*EXCERPTED RECORDS*:
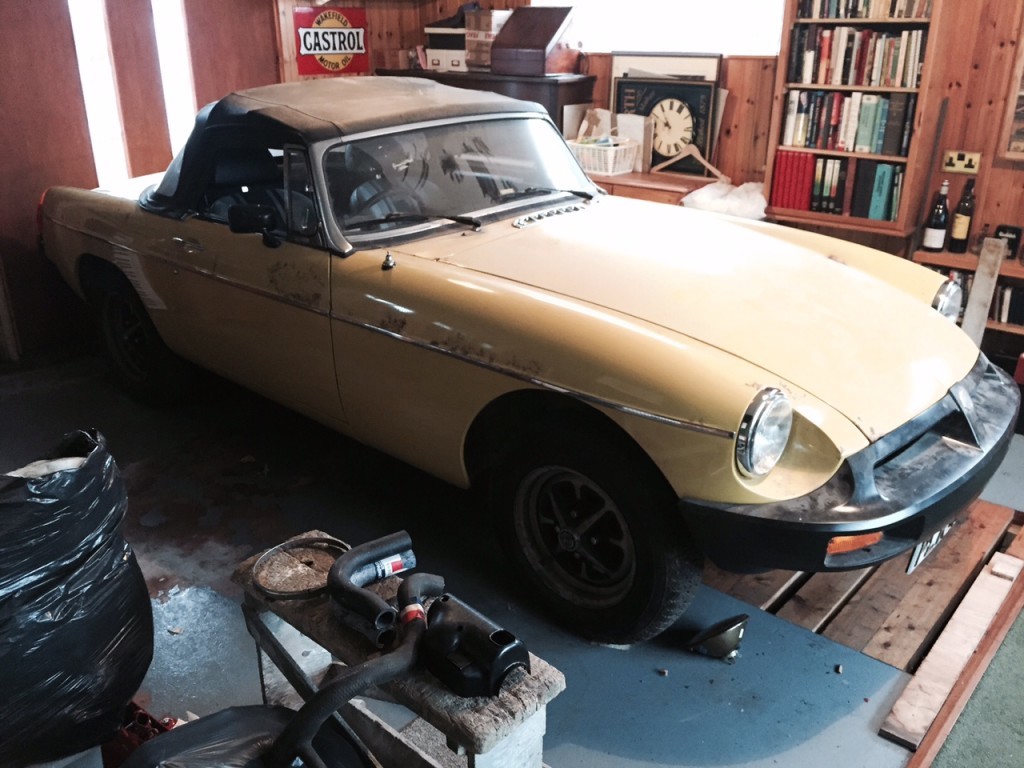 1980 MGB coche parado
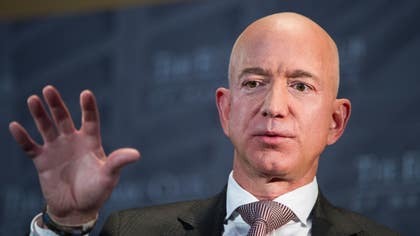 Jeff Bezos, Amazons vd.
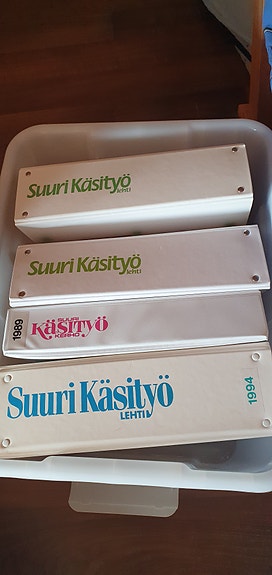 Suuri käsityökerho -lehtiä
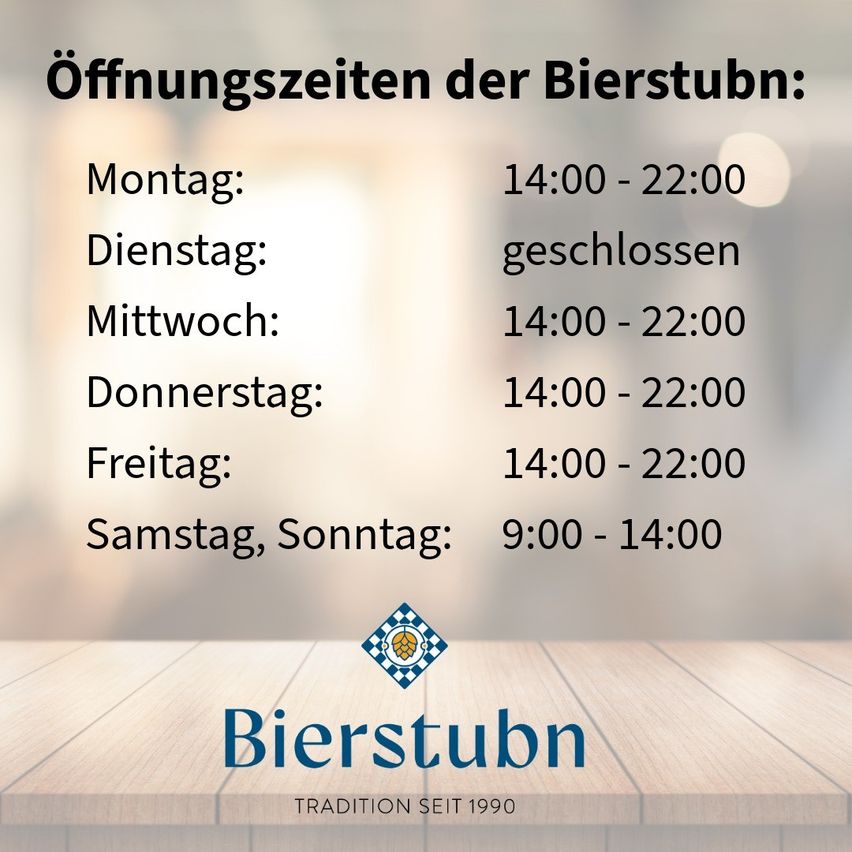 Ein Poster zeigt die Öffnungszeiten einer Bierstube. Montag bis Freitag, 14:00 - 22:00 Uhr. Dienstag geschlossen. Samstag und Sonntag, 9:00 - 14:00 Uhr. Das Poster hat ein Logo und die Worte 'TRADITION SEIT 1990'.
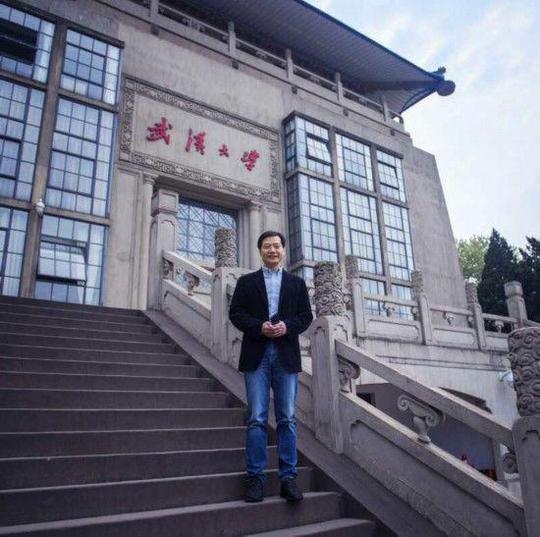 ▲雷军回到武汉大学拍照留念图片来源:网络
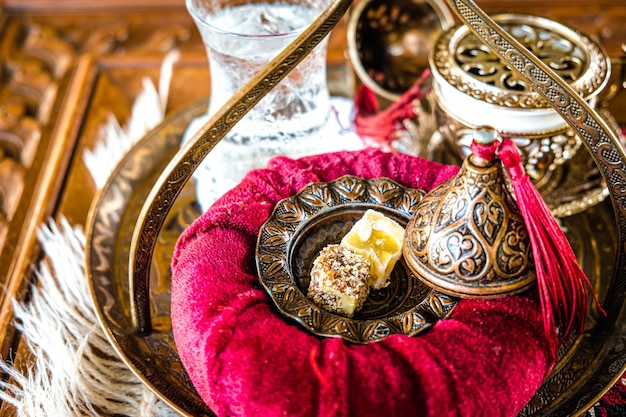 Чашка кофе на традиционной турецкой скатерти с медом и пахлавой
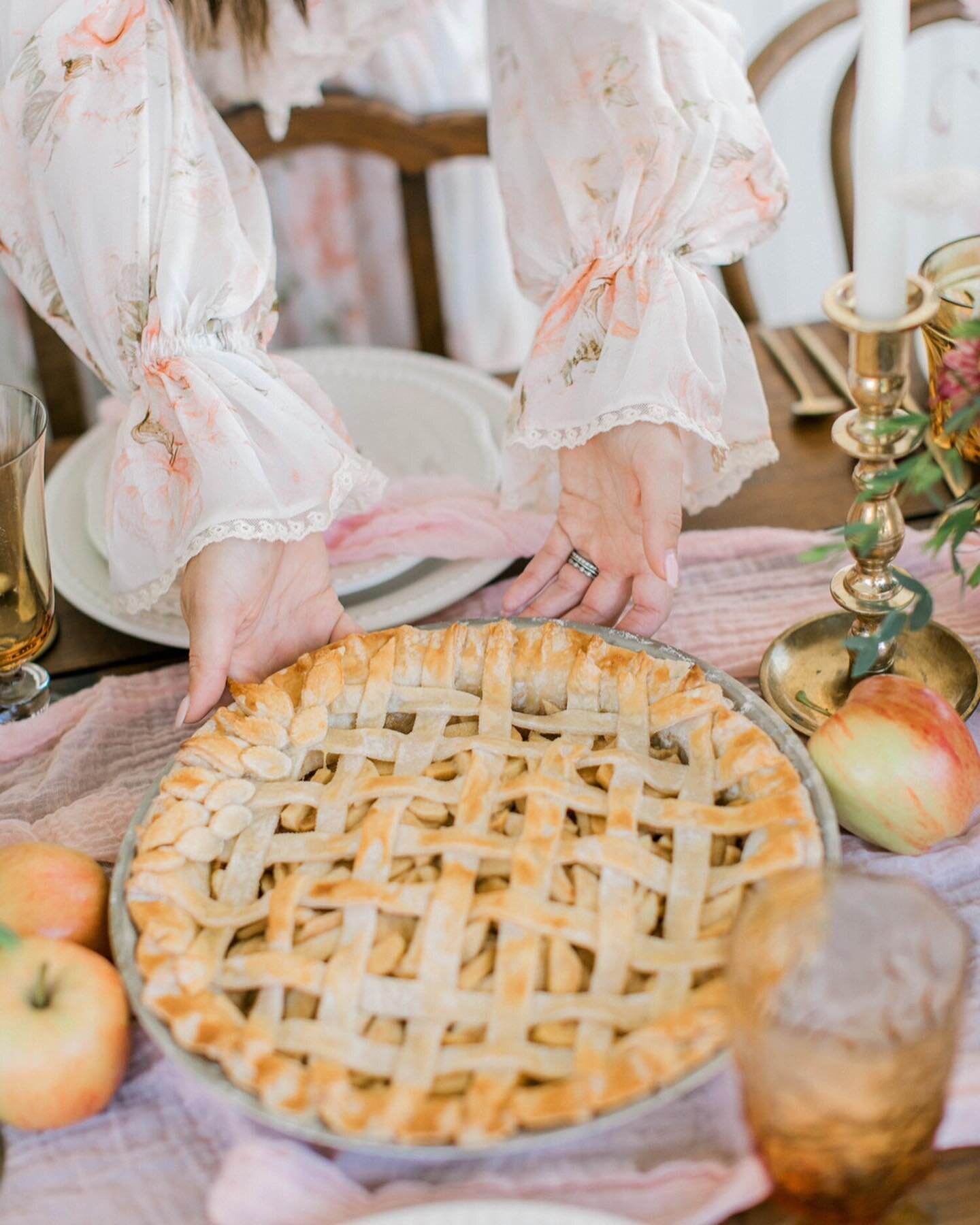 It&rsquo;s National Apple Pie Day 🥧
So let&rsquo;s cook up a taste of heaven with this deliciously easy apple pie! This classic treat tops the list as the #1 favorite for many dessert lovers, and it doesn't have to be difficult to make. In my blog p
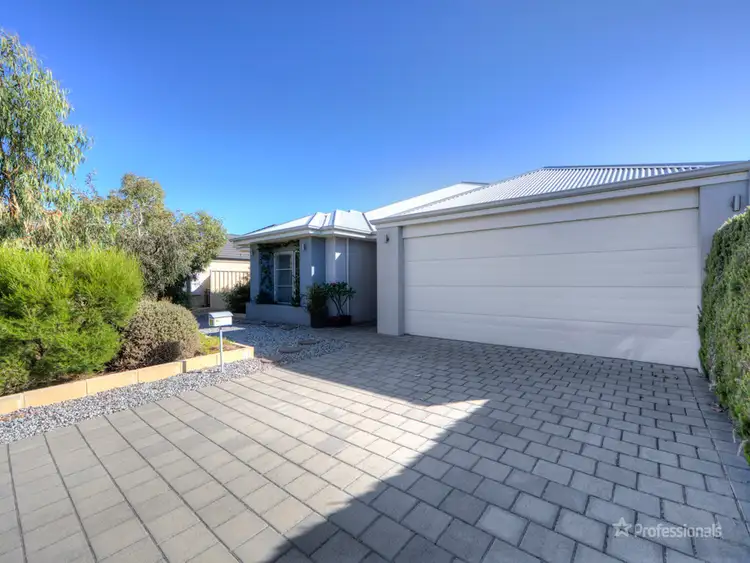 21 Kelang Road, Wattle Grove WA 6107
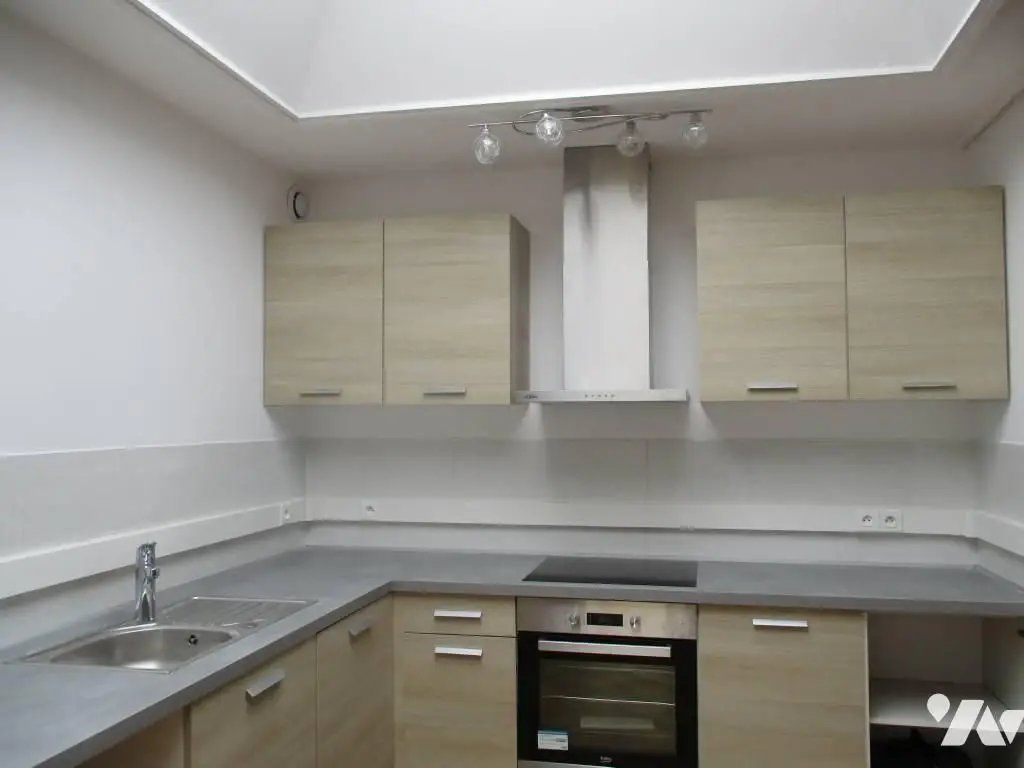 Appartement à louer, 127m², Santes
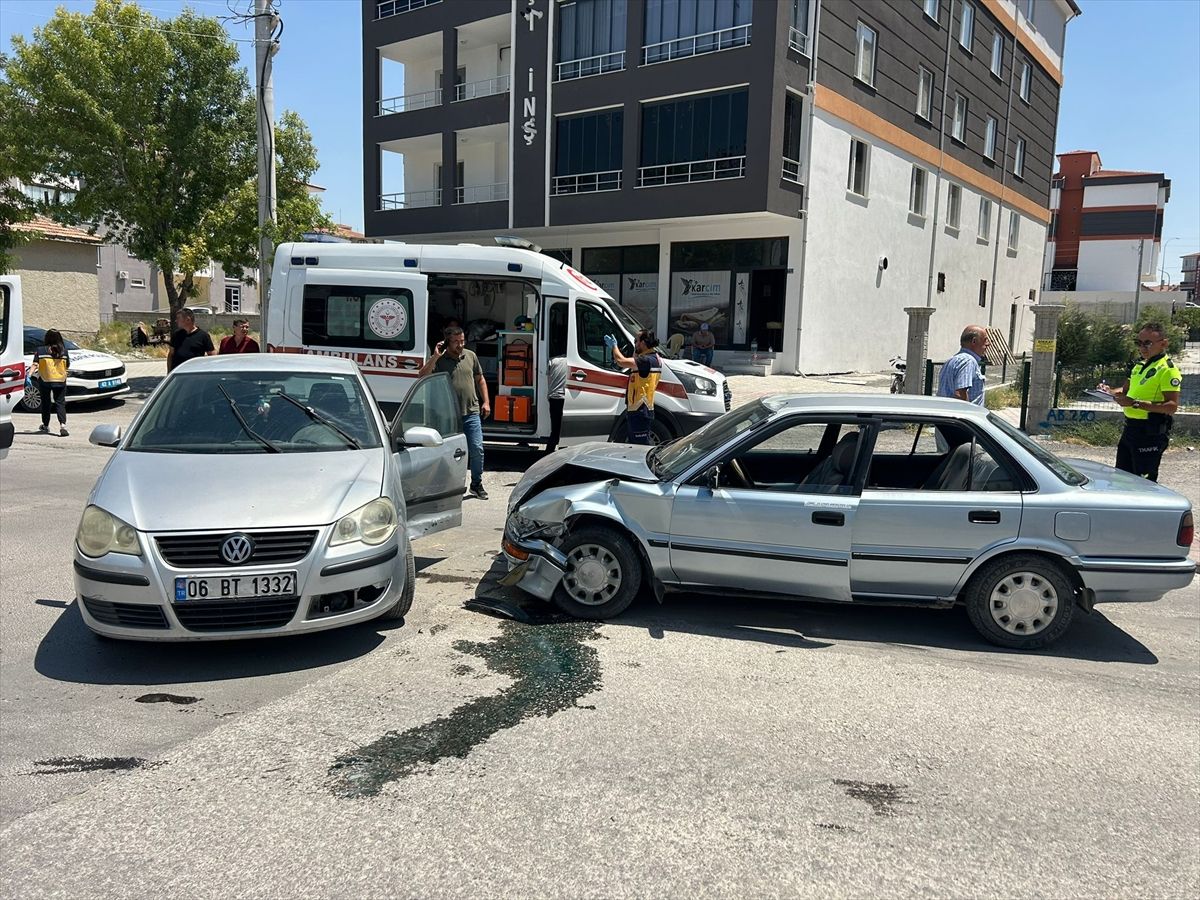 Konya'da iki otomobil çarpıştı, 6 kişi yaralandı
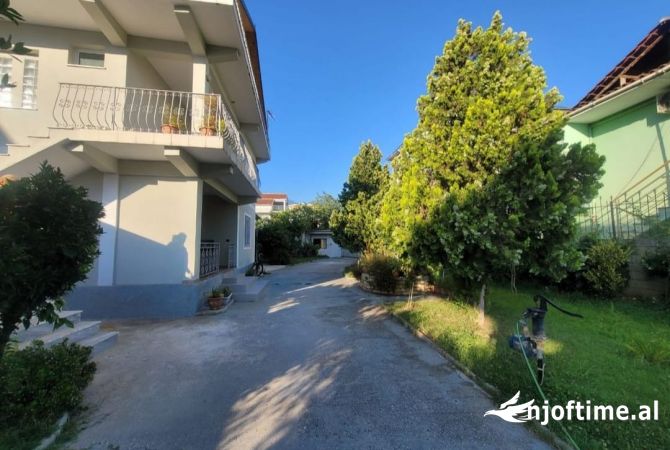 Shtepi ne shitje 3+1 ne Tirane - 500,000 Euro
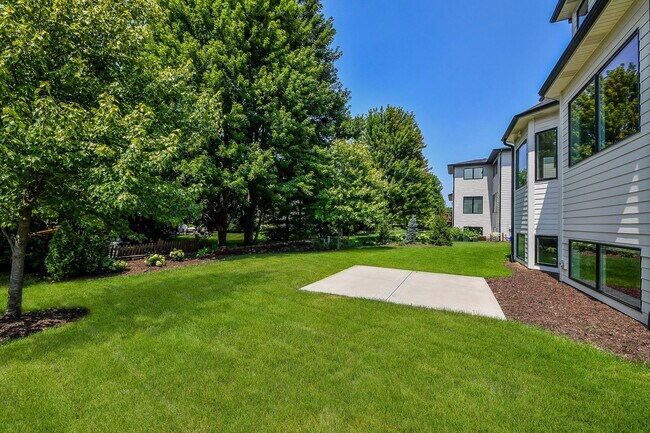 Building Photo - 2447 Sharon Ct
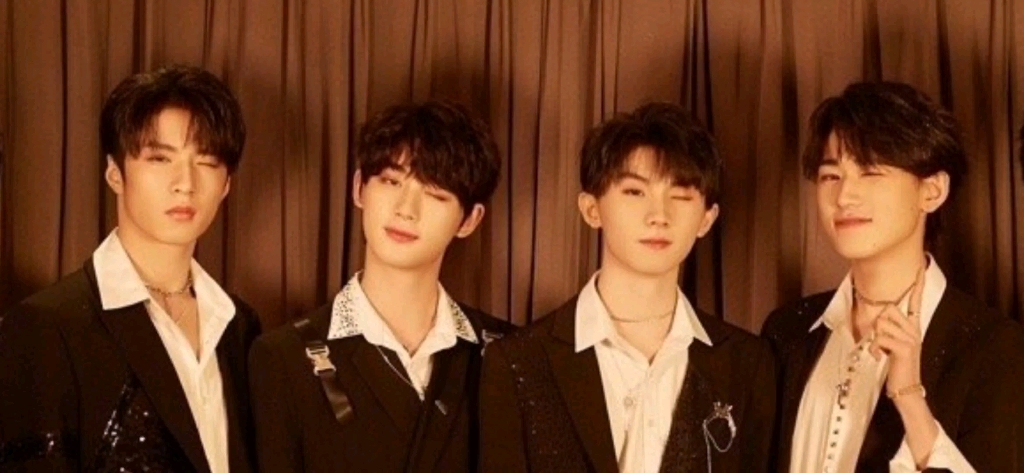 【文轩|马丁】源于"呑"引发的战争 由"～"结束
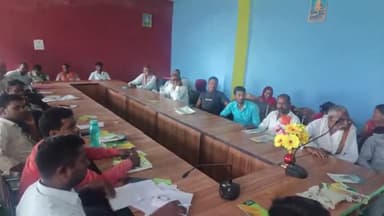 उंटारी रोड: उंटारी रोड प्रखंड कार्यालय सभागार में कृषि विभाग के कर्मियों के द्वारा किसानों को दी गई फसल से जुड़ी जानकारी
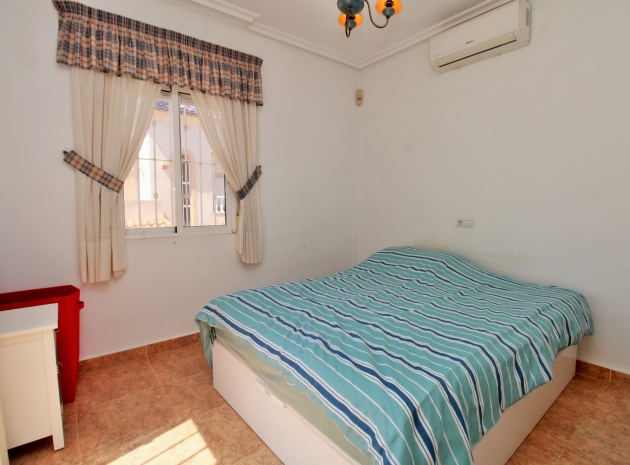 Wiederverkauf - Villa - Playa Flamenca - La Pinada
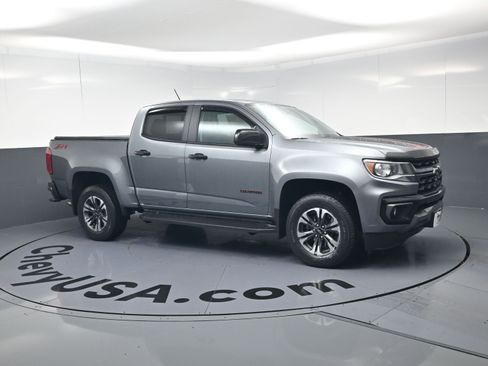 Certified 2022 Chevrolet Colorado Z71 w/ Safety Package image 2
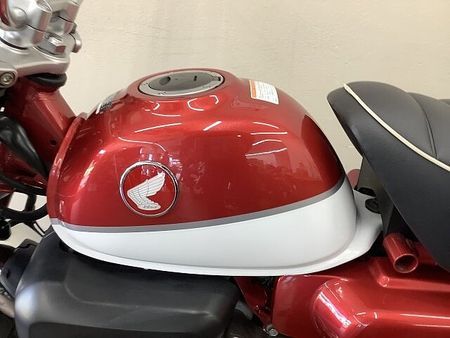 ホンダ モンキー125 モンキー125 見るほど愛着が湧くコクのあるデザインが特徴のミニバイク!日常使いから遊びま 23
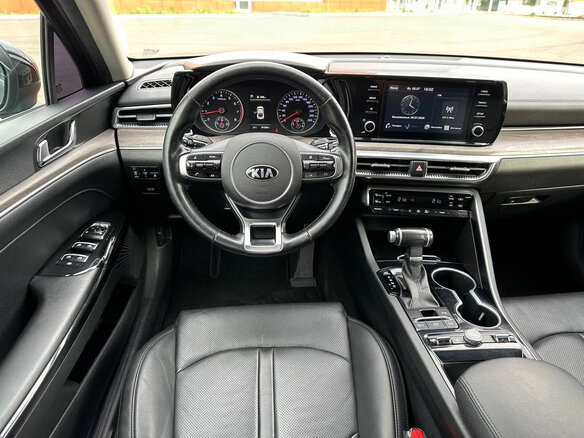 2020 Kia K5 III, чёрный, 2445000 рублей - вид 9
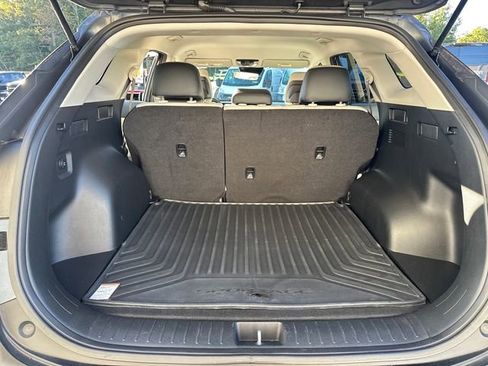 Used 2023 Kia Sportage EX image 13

*PROBLEM*:
Reproduce exactly, and only, the lines that begin at the one containing "Jeff Bezos, Amazons vd." and end with the final line of the data, both included, while omitting every picture.

*ANSWER SPACE*:
 Jeff Bezos, Amazons vd.
 Suuri käsityökerho -lehtiä
 Ein Poster zeigt die Öffnungszeiten einer Bierstube. Montag bis Freitag, 14:00 - 22:00 Uhr. Dienstag geschlossen. Samstag und Sonntag, 9:00 - 14:00 Uhr. Das Poster hat ein Logo und die Worte 'TRADITION SEIT 1990'.
 ▲雷军回到武汉大学拍照留念图片来源:网络
 Чашка кофе на традиционной турецкой скатерти с медом и пахлавой
 It&rsquo;s National Apple Pie Day 🥧
So let&rsquo;s cook up a taste of heaven with this deliciously easy apple pie! This classic treat tops the list as the #1 favorite for many dessert lovers, and it doesn't have to be difficult to make. In my blog p
 21 Kelang Road, Wattle Grove WA 6107
 Appartement à louer, 127m², Santes
 Konya'da iki otomobil çarpıştı, 6 kişi yaralandı
 Shtepi ne shitje 3+1 ne Tirane - 500,000 Euro
 Building Photo - 2447 Sharon Ct
 【文轩|马丁】源于"呑"引发的战争 由"～"结束
 उंटारी रोड: उंटारी रोड प्रखंड कार्यालय सभागार में कृषि विभाग के कर्मियों के द्वारा किसानों को दी गई फसल से जुड़ी जानकारी
 Wiederverkauf - Villa - Playa Flamenca - La Pinada
 Certified 2022 Chevrolet Colorado Z71 w/ Safety Package image 2
 ホンダ モンキー125 モンキー125 見るほど愛着が湧くコクのあるデザインが特徴のミニバイク!日常使いから遊びま 23
 2020 Kia K5 III, чёрный, 2445000 рублей - вид 9
 Used 2023 Kia Sportage EX image 13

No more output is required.